Randy Johnson said...

It does sound a bit cold. Back in my high school days(ancient history), I worked at a fast food joint. An elderly couple came in regularly for burgers and coffee. I started offering refills on the coffee(not a common practice back then). Little did I know that they knew the owner. At an employees' meeting, I was complimented and everyone was told that was how you built customer loyalty. Needless to say, for an unsure kid, a big ego boost. As John said, there was probably more to the story.

Naked Trewth said...

I'm with John...I say there is a feud between the manager and Nicole. It's relatively easy to become a supervisor/manager at Tim's. All it takes is punctuality over a period of time (granted, there is more to it). I've known a few people over the years who have used Tim's as their platform for building interpersonal skills and supervisory/managements skills. These are my first friends who will admit how easy it is to *power trip* when given such responsibility at a young age (for some) or to such an inexperienced person. It strikes me that the manager was going *by the books* and was possibly new in her own position and didn't know what to do. I am NOT defending her -0 when in doubt ASK! Thanks for blogging this!

Sandra Ruttan said...

John, no Tim's, huh? Well, it looks like your status is safe, as it's confirmed, she has been hired back. And apparently, she's worked there about three years.

Randy, dead right that's the way to treat customers. Courtesy goes a long way.

Naked Trewth, thanks for dropping by and adding your thoughts. I understand what you mean by the power trip - I think McDonald's isn't hard to work up the ladder in either. I know when I worked there part time, back in high school, a guy my age was a manager. He'd put in enough time to work himself up to that. He wasn't an unreasonable jerk, though.

I'm glad the company cleared it up. It really seemed unreasonable to me.

DC said...

Seems like they were using her to set an example. I am not very keen to these large corporations trying to apply VERY strict rules they can bank every penny. Aren't they making enough? Won't better customer service equal more money in the end?

I've eaten at restaurants where if you order a plate with potatoes, salads, and chicken, then eat the potatoes and salads, but find something wrong with your chicken they take back your plate and bring out a FULL plate. Now that's customer service (ps- they didn't make me pay for the second plate of food!)

Truly sad when Tim Horton's has gotten that greedy.

John McFetridge said...

"I am not very keen to these large corporations trying to apply VERY strict rules they can bank every penny.
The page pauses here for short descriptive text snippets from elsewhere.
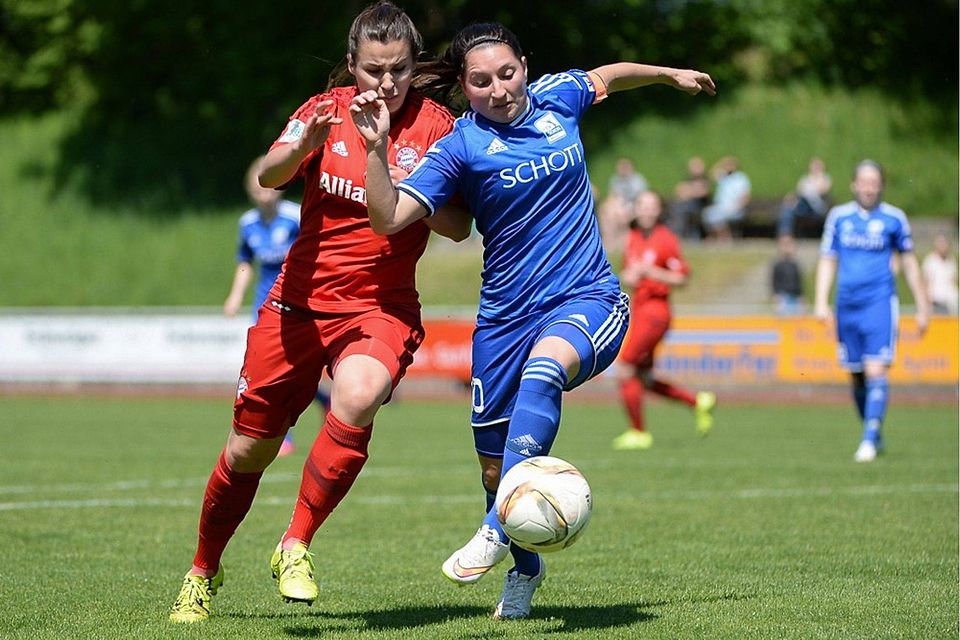 Durch den Trainerwechsel forcieren die Schott-Frauen (rechts) die offensive Idee des Fußballs.  F: Leifer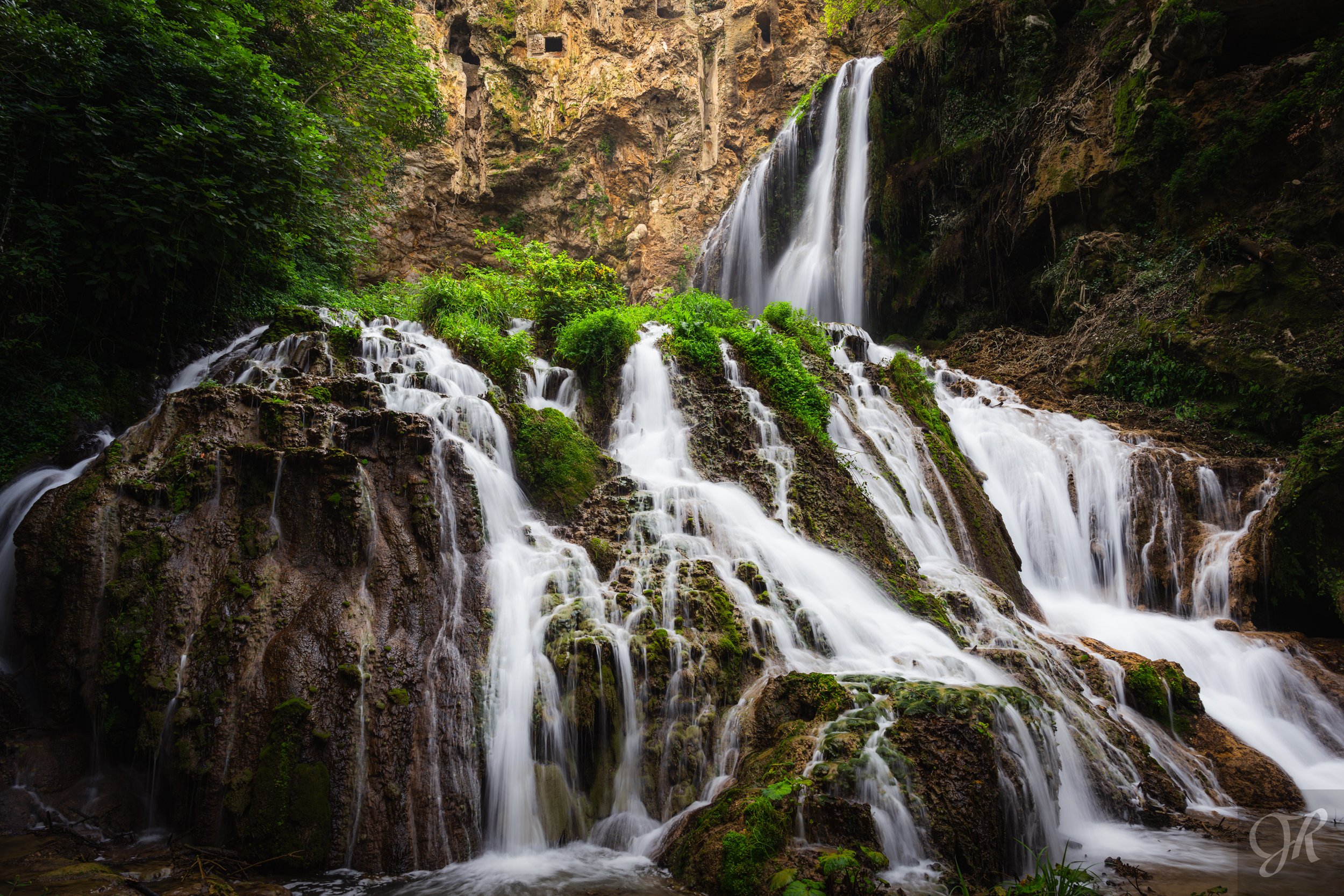  

 
 Waterfall of Villa Gregoriana II 
 
One of the two remaining waterfalls at Villa Gregoriana cascades down the limestone cliffs below the Temple of Vesta.
 

 
 Purchase Print 
 

 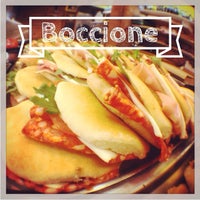 รูปภาพถ่ายที่ Pizzeria Boccione โดย Oscar M. เมื่อ 9/14/2014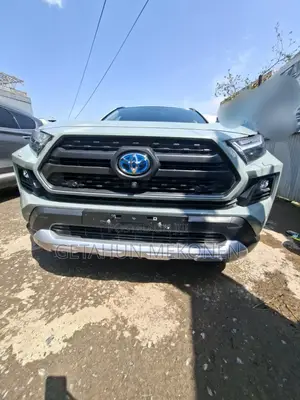 Photo - New Toyota RAV4 2024 Green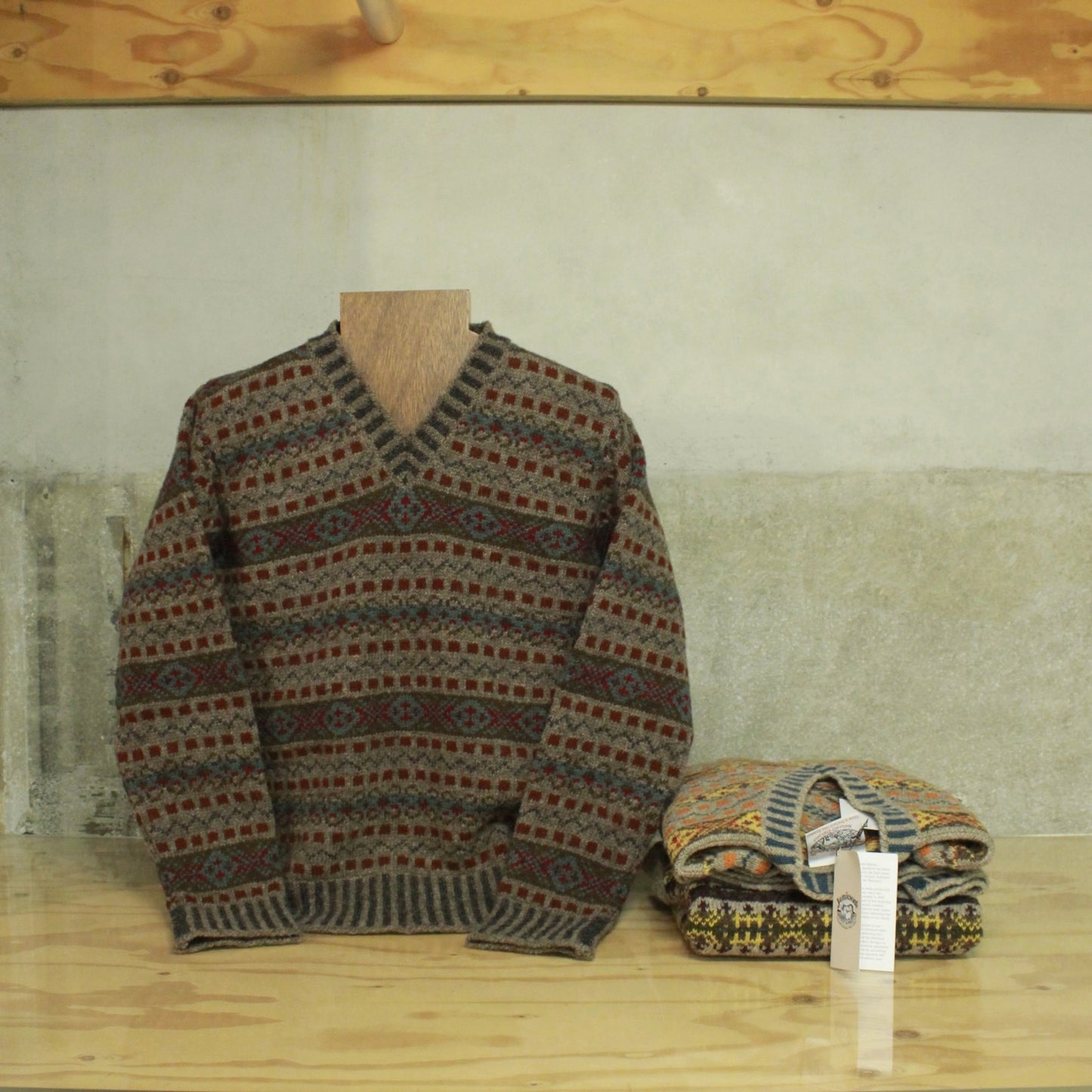 V-NECK FAIR ISLE SWEATER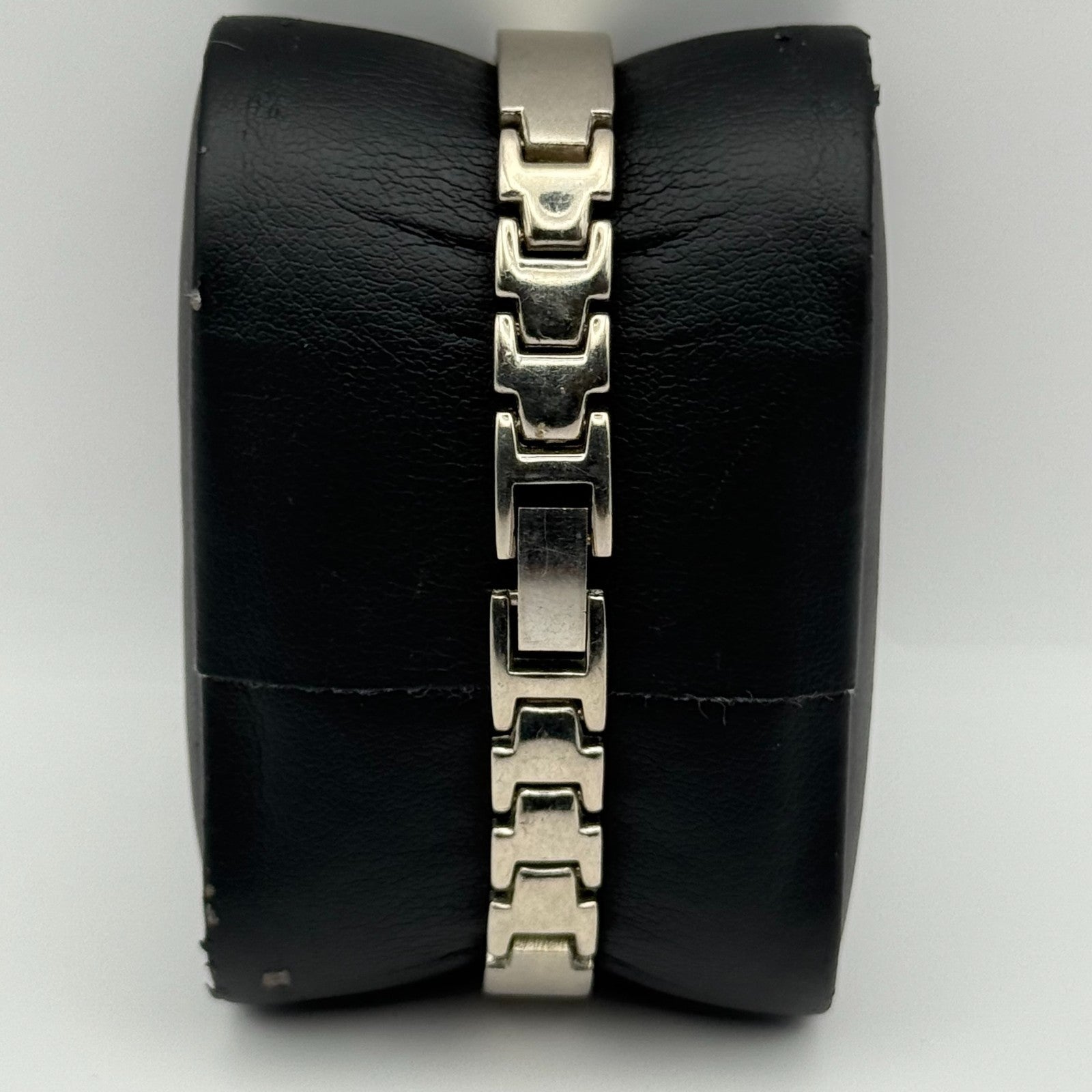 Limit Ladies Quartz Watch Purple Dial Silver Tone Bracelet Steel Working 21mm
Aren't they making enough?"

I'm seeing stuff like this more and more lately.

At the same time, someone recently made the connection between the shrinking middle-class and the lack of unionization. In truth, I don't expect unions to make a comeback (or ever to show up at fast foodplaces and other "service" industries) and I expect the march of the corporations will continue unabated. Oh well, at least we get what we want....

Sandra Ruttan said...

dc, I'm with you - that's customer service! And it's as it should be. I think most of us feel a sense of obligation to someone who's provided good service to us, and we want to go back there at some point and return the favour. Given a choice, we'll give them our service instead of someone else.

John... unions and shrinking middle class, huh? Interesting. I was happy blaming the government and taxes...

fowgre said...

Has there been any evidence surface that there were previous problems with this employee? Then why are people so ready to believe it? Don't we all deserve the presumption of innocence? Read more about what I've had to say HERE.

John McFetridge said...

Well, there you go. The papers this morning are talking about the "strained relationship" before the incident between the employee and the manager - the daughter of the franchise owner.

I bet there was a strained relationship between the daughter of a guy who owns four Tim Hortons franchises and a single mother of four working for $9.05 an hour.

That's less than $20,000 a year. That may the real story here, but we've been taught not to talk about that.